One is a distribution agreement with Ingram Micro Inc., of Santa Ana, Calif., and the other involves the world’s largest software company, Microsoft Corp., of Redmond, Wash.
The software giant is integrating Managed Workspace with its Microsoft CRM, a customer relationship management solution aimed at the SMB (small and midsize business) market.
Product integration provides opportunities.
With the integration of the products, VARs and integrators can provide managed services and identify new service opportunities without having to leave the Microsoft CRM interface.
“The integration of Managed Workplace will provide CRM users with a wide range of information needed to make faster and more effective business decisions,” said Lori Vangerud, channel development manager for CRM at Microsoft.
Microsoft Certified Partners receive CRM as part of their partner agreements. When they buy a Managed Workplace license, they receive a Microsoft CRM connector that allows Managed Workplace to run as part of CRM, allowing CRM to function as their single customer management platform, said Sandiford.
“Each product can operate independently, but with both integrated, it operates effectively as a single integrated application,” he said.
Level Platforms developed Managed Workplace on Microsoft’s .Net platform, so the integration was natural, said Sandiford.
Managed Workplace was developed with the SMB market in mind, and more than 90 percent of the computing environments in that market run on a Microsoft platform.
“The real sweet spot here is the 10- to 150-desktop space,” he said. Companies in this space have no CIO or even IT people, and typically they defer to a VAR for technical direction.
Click here to read more about VARs making transitions to managed services.
One such VAR is Mytech Partners in Minneapolis, which is using Managed Workplace for 10 customers, said company President Nathan Austin.
The company started using the product about four months ago and is in the midst of an effort to grow its managed services business, he said.
Austin and Mytech CEO Lis Sildenberg said they opted for the Level Platforms technology because of the low cost.
Level Platforms charges a $60 per-site monthly fee, which the Mytech executives found very attractive, Sildenberg said.
Managed services accounts for 30 percent of Mytech’s revenue, and the other 70 percent is the company’s traditional business of installations and network design, said Sildenberg. His goal, he said, is to reverse that mix.
“This market is really starting to play out,” he said.
The opportunity for managed services in the SMB market, said Sandiford, is nothing short of enormous.
Of 2 million SMBs in the United States that could potentially take advantage of remote IT services, not even 5 percent as of yet have entered a managed services contract with a VAR or integrator.
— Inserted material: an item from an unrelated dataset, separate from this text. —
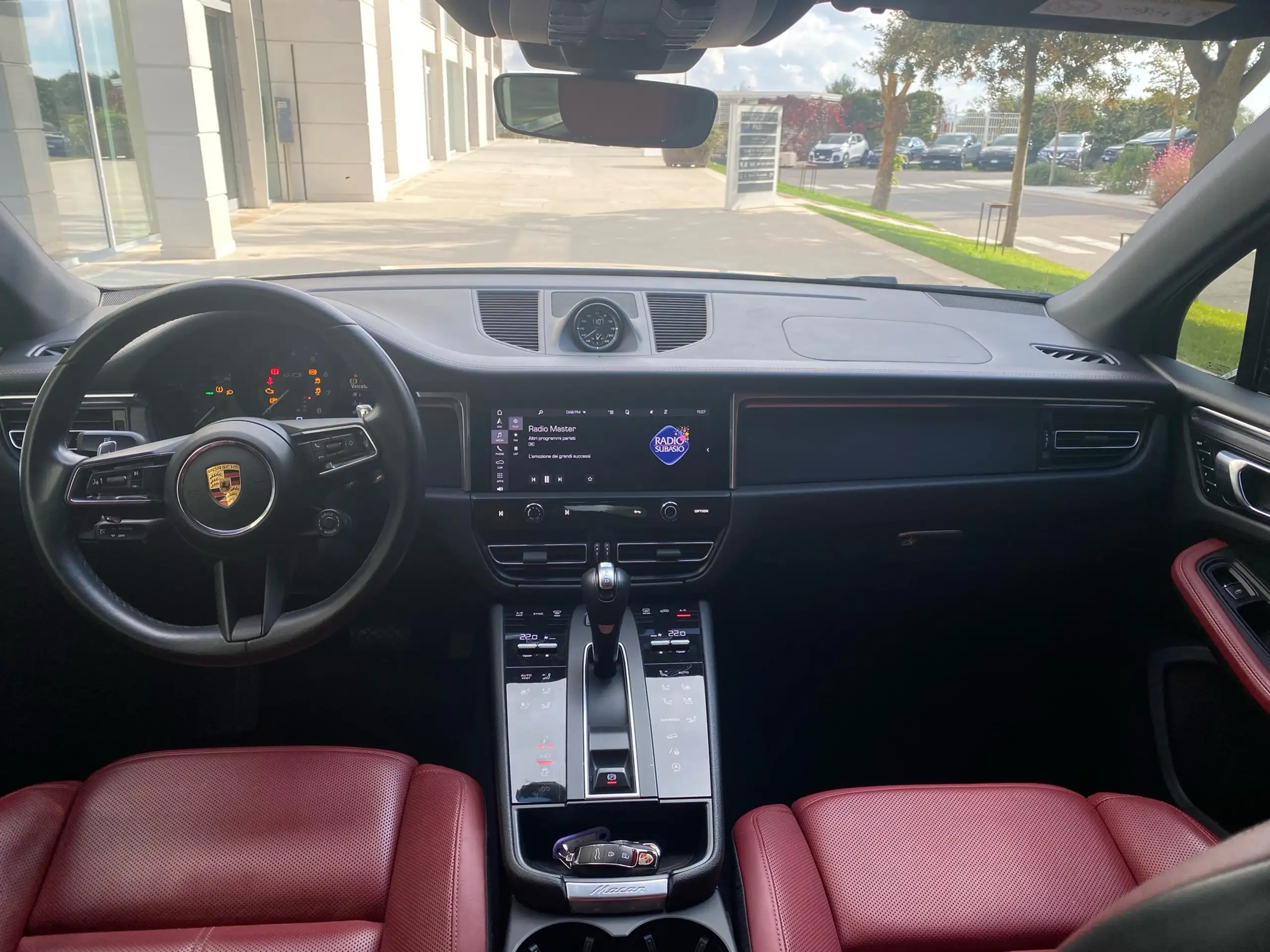 Porsche - Macan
VARs and integrators, he said, traditionally have had “chaotic” service agreements with customers under which the customer will call a VAR or integrator who did an installation at the site whenever they have a break/fix situation.
With a managed services contract, Bissett said, the agreement becomes formal and allows for preventive maintenance.
Sandiford said Level Platforms originally was a managed service provider. The company decided to go the software development route after identifying a need for managed services in the SMB space.